正文 SWIFT’S “JOURNAL TO STELLA”(2)(3 / 3)

But Vanessa was not Stella. She was younger, more vehement, less disciplined, less wise. She had no Mrs. Dingley to restrain her. She had no memories of the past to solace her. She had no journals coming day by day to comfort her. She loved Swift and she knew no reason why she should not say so. Had he not himself taught her “to act what was right, and not to mind what the world said”? Thus when some obstacle impeded her, when some mysterious secret came between them, she had the unwisdom to question him. “Pray what can be wrong in seeing and advising an unhappy young woman? I can’t imagine.” “You have taught me to distinguish,” she burst out, “and then you leave me miserable.” Finally in her anguish and her bewilderment she had the temerity to force herself upon Stella. She wrote and demanded to be told the truth – what was Stella’s connexion with Swift? But it was Swift himself who enlightened her. And when the full force of those bright blue eyes blazed upon her, when he flung her letter on the table and glared at her and said nothing and rode off, her life was ended. It was no figure of speech when she said that “his killing, killing words” were worse than the rack to her; when she cried out that there was “something in your look so awful that it strikes me dumb”. Within a few weeks of that interview she was dead; she had vanished, to become one of those uneasy ghosts who haunted the troubled background of Stella’s life, peopling its solitude with fears.

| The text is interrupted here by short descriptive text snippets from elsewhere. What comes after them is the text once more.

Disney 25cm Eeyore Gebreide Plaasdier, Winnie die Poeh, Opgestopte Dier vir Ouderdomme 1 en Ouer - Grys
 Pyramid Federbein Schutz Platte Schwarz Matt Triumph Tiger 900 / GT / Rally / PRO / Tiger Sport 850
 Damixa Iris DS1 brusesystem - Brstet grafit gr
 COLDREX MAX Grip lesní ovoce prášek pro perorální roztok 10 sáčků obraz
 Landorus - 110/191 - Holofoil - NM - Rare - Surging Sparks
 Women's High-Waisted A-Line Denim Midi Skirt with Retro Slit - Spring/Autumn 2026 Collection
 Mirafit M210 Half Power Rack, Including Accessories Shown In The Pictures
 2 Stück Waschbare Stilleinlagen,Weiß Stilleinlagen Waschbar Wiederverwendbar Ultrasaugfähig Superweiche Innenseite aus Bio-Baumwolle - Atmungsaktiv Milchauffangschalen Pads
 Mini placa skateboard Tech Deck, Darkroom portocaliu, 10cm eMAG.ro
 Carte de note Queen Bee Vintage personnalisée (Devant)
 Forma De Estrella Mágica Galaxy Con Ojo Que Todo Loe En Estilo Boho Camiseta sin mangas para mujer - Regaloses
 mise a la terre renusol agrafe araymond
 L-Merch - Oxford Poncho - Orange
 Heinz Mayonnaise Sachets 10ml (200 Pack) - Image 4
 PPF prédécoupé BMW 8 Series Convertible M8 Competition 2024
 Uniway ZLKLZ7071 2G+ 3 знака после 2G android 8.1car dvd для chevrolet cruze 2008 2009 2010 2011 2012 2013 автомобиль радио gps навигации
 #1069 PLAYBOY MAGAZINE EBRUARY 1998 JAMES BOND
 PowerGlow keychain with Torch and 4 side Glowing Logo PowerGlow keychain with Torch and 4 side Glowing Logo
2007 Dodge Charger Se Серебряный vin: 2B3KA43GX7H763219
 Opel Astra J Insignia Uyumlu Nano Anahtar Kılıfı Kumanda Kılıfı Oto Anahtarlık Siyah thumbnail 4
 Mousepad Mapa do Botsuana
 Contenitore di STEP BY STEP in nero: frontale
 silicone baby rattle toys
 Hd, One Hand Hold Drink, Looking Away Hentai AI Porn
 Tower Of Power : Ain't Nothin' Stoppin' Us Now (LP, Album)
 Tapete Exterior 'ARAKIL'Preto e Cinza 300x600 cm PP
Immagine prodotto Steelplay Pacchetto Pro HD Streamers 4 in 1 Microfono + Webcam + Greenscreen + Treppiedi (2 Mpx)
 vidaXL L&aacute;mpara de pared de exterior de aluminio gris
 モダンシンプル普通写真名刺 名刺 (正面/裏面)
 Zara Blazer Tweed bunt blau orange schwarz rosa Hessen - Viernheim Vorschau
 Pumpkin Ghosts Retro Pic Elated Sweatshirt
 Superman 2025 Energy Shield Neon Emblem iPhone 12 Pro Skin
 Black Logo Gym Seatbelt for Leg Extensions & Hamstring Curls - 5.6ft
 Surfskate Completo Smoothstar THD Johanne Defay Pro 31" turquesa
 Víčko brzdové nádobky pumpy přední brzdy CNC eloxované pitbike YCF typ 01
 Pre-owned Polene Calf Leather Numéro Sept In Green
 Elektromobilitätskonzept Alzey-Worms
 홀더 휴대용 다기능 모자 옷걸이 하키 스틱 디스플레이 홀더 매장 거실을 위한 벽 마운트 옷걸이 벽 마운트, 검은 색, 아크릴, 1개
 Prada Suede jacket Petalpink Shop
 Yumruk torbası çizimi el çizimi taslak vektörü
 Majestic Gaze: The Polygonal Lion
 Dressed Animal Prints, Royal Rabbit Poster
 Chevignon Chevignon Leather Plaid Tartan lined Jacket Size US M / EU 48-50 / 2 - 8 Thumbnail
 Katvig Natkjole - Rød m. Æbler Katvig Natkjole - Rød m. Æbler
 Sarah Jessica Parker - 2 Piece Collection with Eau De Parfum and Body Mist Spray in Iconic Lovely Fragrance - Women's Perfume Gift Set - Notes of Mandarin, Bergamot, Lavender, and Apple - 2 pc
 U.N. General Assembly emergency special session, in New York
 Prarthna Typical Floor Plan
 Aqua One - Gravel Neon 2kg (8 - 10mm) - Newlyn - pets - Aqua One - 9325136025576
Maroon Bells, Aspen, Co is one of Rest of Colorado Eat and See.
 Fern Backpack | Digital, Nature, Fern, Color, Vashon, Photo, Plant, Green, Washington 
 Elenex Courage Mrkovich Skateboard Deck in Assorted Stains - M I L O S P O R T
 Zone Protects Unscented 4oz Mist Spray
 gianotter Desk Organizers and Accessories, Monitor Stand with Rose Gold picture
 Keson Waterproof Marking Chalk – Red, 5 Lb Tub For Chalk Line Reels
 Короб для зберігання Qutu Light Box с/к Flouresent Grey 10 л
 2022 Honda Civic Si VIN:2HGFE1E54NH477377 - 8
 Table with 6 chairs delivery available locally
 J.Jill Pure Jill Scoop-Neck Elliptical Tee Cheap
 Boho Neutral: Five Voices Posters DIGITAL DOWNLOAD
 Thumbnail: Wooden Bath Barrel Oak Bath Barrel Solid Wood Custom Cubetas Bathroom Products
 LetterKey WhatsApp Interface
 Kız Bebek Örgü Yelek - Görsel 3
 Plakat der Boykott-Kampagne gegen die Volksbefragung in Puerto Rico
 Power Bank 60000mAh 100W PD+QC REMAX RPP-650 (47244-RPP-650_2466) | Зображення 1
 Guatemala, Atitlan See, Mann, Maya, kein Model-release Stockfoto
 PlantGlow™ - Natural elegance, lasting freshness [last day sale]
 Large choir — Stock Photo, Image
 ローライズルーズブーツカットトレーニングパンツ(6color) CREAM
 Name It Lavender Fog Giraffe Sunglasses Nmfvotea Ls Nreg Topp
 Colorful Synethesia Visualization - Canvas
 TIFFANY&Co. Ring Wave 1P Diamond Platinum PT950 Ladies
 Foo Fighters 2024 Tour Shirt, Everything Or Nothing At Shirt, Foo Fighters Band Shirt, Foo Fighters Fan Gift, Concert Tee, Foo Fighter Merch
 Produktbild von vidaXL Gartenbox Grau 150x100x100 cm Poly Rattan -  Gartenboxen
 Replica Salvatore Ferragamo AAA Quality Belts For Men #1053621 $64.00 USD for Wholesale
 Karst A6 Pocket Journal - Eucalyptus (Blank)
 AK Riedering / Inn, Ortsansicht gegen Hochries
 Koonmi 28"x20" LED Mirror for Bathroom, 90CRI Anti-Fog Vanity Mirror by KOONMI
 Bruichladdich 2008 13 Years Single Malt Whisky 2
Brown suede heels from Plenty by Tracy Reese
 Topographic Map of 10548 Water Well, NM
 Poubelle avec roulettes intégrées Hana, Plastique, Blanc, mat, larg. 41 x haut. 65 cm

Stella was left to enjoy her intimacy alone. She lived on to practise those sad arts by which she kept her friend at her side until, worn out with the strain and the concealment, with Mrs. Dingley and her lap-dogs, with the perpetual fears and frustrations, she too died. As they buried her, Swift sat in a back room away from the lights in the churchyard and wrote an account of the character of “the truest, most virtuous, and valuable friend, that I, or perhaps any other person, was ever blessed with”. Years passed; insanity overcame him; he exploded in violent outbursts of mad rage. Then by degrees he fell silent. Once they caught him murmuring. “I am what I am”, they heard him say.